--- TASK STATEMENT ---
I would like the line with "Novotel Paris Centre Bercy" and every line after it, down to the end of the entries below, output exactly and without pictures.

--- DATA SUPPLIED ---
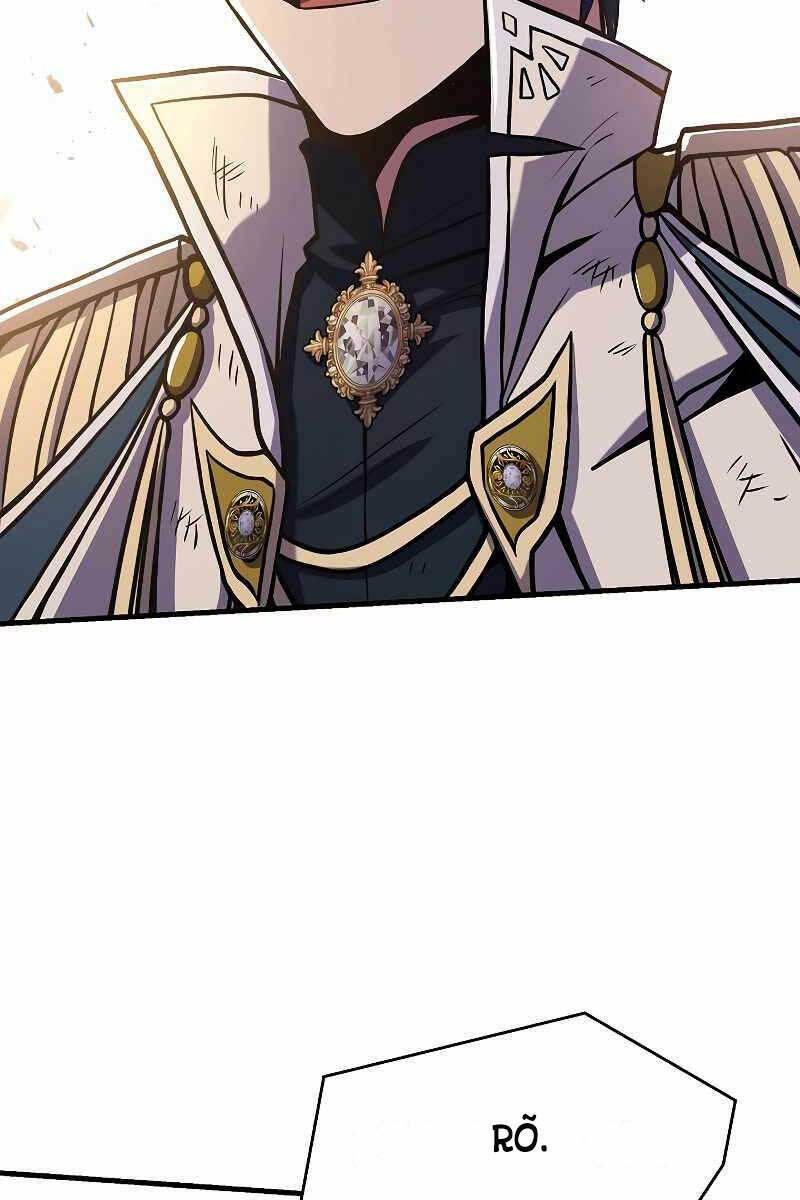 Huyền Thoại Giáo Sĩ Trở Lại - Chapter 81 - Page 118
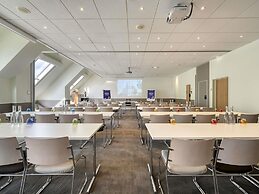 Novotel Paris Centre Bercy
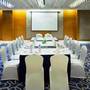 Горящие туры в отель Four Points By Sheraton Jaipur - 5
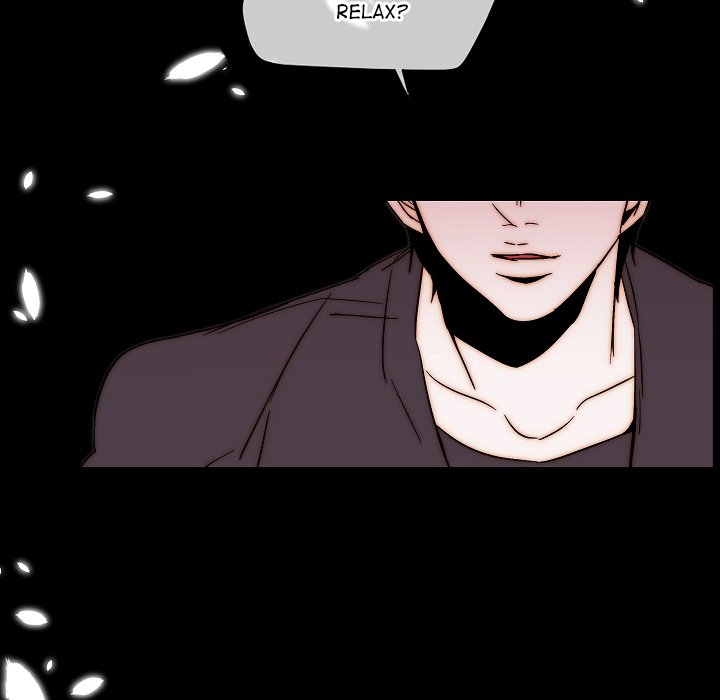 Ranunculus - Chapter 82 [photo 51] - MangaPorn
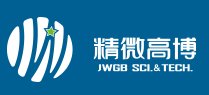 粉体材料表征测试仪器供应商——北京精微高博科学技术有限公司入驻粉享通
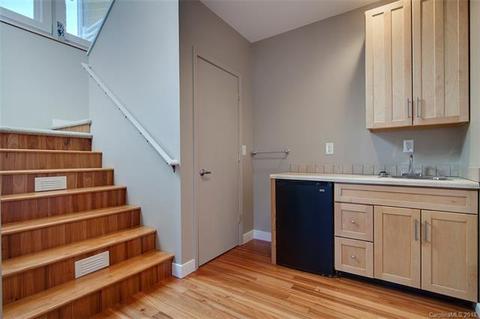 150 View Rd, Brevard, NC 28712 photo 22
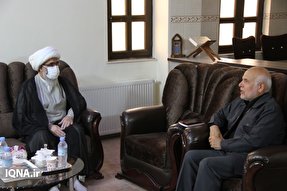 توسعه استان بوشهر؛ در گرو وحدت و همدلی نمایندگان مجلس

--- TASK SOLUTION ---
 Novotel Paris Centre Bercy
 Горящие туры в отель Four Points By Sheraton Jaipur - 5
 Ranunculus - Chapter 82 [photo 51] - MangaPorn
 粉体材料表征测试仪器供应商——北京精微高博科学技术有限公司入驻粉享通
 150 View Rd, Brevard, NC 28712 photo 22
 توسعه استان بوشهر؛ در گرو وحدت و همدلی نمایندگان مجلس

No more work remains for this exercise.